Re: I\'m very confused (tinned wire v silver solder applied to the ends)

You can tin the ends with soft solder, but silver solder is quite different. The lowest melting point silver solder in my workshop is a cadmium bearing alloy with a melting point of between 680 & 720 Celcius, others vary up to about 900 degrees C. All of these require far too much heat for use with electric cable unless you want to melt all of the insulation.

In answer to your question, copper seems to turn black when exposed to sea water. If you can keep it completely dry you should not have any problems, but on a boat wiring often seems to get routed where it will get wet. The black colour indicates oxidisation, so resistance will increase, but the amount of increase may not be critical if the wiring was adequately sized in the first place. My own experience of this is a through hull transducer fitted with ordinary copper flex sealed in to the unit and not replaceable. It still works even though it is black from the transducer to the point a yard away where I cut it and joined in a new cable.
 
Re: I\'m very confused (tinned wire v silver solder applied to the ends)

If its nice clean new untinned wire,the solder will resist the negative corrosion, in the ideal world fully tinned wire is best. Pesonally I use untinned wire crimp the connector on then flood the joint with solder. In heavy engineering this crimp and solder is a common method,have experienced hot crimps without the solder so for the type of voltage/currents us boaties use this method will last for a long time, hope that this does not confuse you further.
 
Re: I\'m very confused (tinned wire v silver solder applied to the ends)

=======================================
I could be talking complete bow-locks but I'm sure that I read
somewhere that the current actually travels along the surface of the wire rather than through the middle of it. If that is the case then I am sure that oxidization must have a detrimental effect.
=======================================


This is true at RF frequencies and why on ships the antenna leads from the radio room were copper tubing. This is not the case with DC where the current utilises the full cross section.


John
 
Re: I\'m very confused (tinned wire v silver solder applied to the ends)

You will find that the blackening if the copper extends well up inside the insulation but it has never amounted to what I would call corrosion hence my challenge elsewhere to the need to used tinned wire on the average family yacht. A dollop of silicone grease on the wire end should stop it but it will frustrate any future efforts to tin the ends.

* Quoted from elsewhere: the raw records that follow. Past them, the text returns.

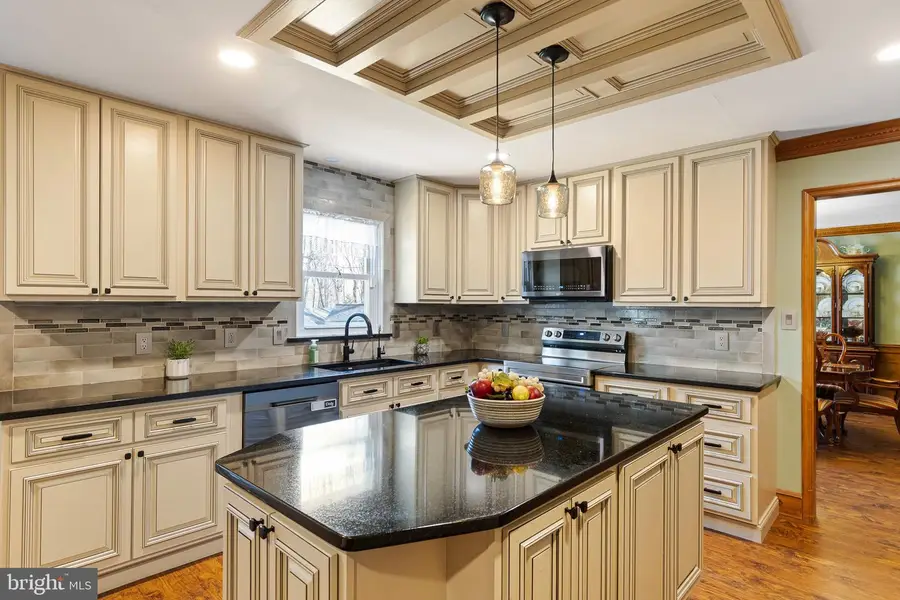 73 Bristle Cone Dr, Bear, DE 19701 - #2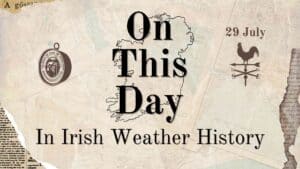 On This Day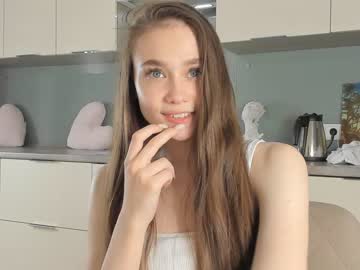 girl cam miaaperry image #2523252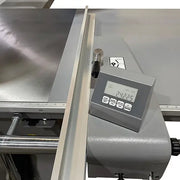 Maksiwa BMP.3200.IR Platinum Sliding Panel Saw Maksiwa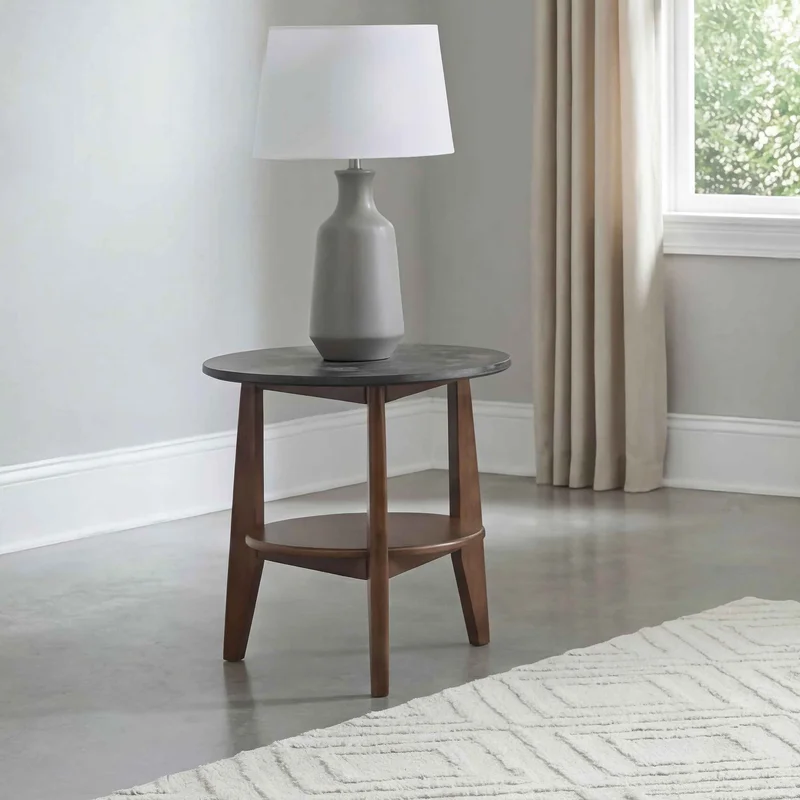 evefurn3170276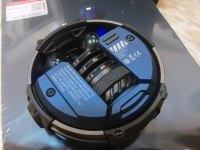 Monster TWS Earphones for Sports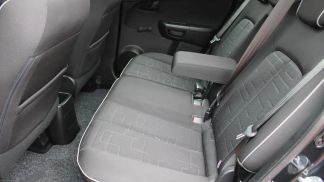 Finansowanie Hatchback Kia Venga 2011
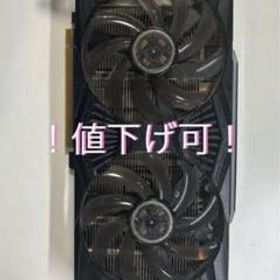 NVIDIA GeForce RTX 2060 SUPER 搭載グラボ 新品¥37,406 中古¥16,830 | 新品・中古のネット最安値 |  カカクキング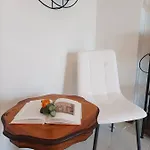 Rossoarancio Panzió 3*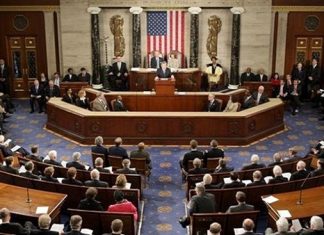 وفد من الكونغرس يبدأ زيارة للسودان الأحد والخرطوم تتسلم أول معدات نفط أمريكية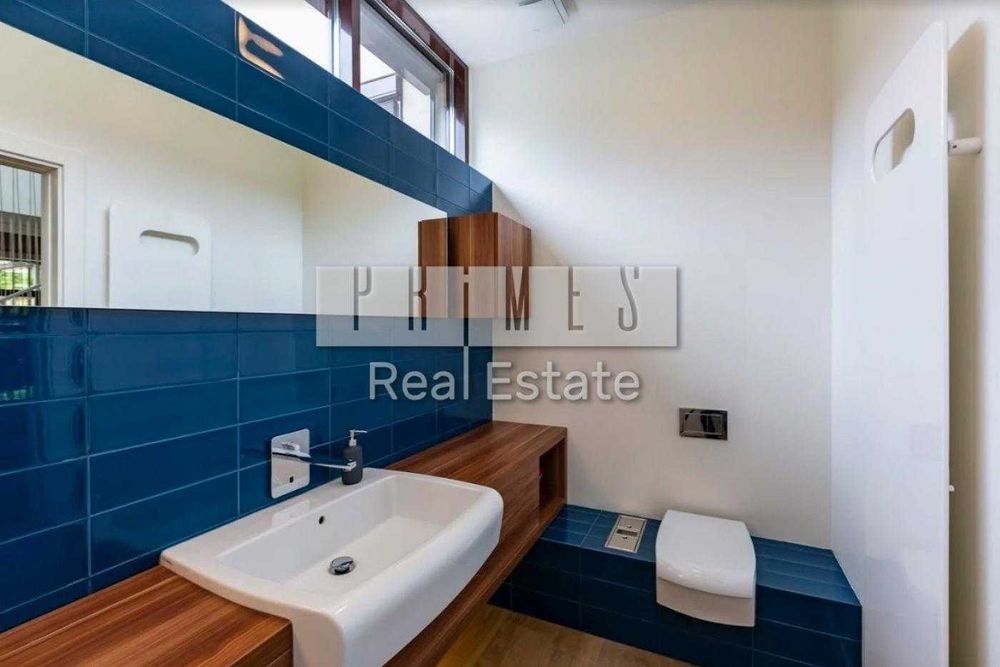 Продаж cучасний Будинок Козин Без %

However it is not silver solder that you will be tinning the ends with as it has silver solders have rather high melting points and I doubt if you could do it without melting too much of the insulation. If, like me, you like the idea of tinning the wire ends then use the same ordinary tin/lead solder that you would use for electronics wiring or circuit boards. Tinning the ends keeps all the little strands together as well.


Looks like I am the slowest typist on the forum
 
Re: I\'m very confused (tinned wire v silver solder applied to the ends)

You should be aware that cable ends tinned with tin/lead solder and then crimped or fastened using 'chocolate block' will work loose as the solder will creep under pressure.
 
Re: I\'m very confused (tinned wire v silver solder applied to the ends)

As others have said, silver solder has a very high melting point, and requires some kind of flame to apply. This heat would damage the insulation and negate the whole process.

Tinning the ends with ordinary solder makes the end brittle, and with the vibration on board a yacht, could eventually lead to failure.

Far better, in my opinion, to use crimped connections, PROVIDED THAT THE CORRECT CRIMPING TOOL IS USED. These ones that look like a pair of pliers are as much use as a chocolate teapot. Invest in a proper ratchet crimping tool.

Again as already stated, the problem is a salt-laden atmosphere. I use either silicon grease or silicon spray over the connections to keep the moisture out.
 
Re: I\'m very confused (tinned wire v silver solder applied to the ends)

I am not certain that the blacking of the cable is totaly due to salt. Of the panel we get back for referb some wires are black, but the majority are not. It seems related to if the circuit is powered up in normal use. Thus we find three circuits will have copper wire, then a couple of blackened wires, then back to clean copper cables.
So it may be an electro plating effect, or electro/chemical, but does not look like corrossion.

Brian
 
Re: I\'m very confused (tinned wire v silver solder applied to the ends)

I would agree with you there, Brian. Some of the effect must be due to (excess ?) load as well as electro plating or electro/chemical effects. Probably made worse by DC systems.

Jim
 
Re: I\'m very confused (tinned wire v silver solder applied to the ends

We've had a couple of F1 mechanics at the cottage and both said that they crimp connections on F1 cars to avoid vibration breakages that occur with soldered joints.
 
Re: I\'m very confused (tinned wire v silver solder applied to the ends)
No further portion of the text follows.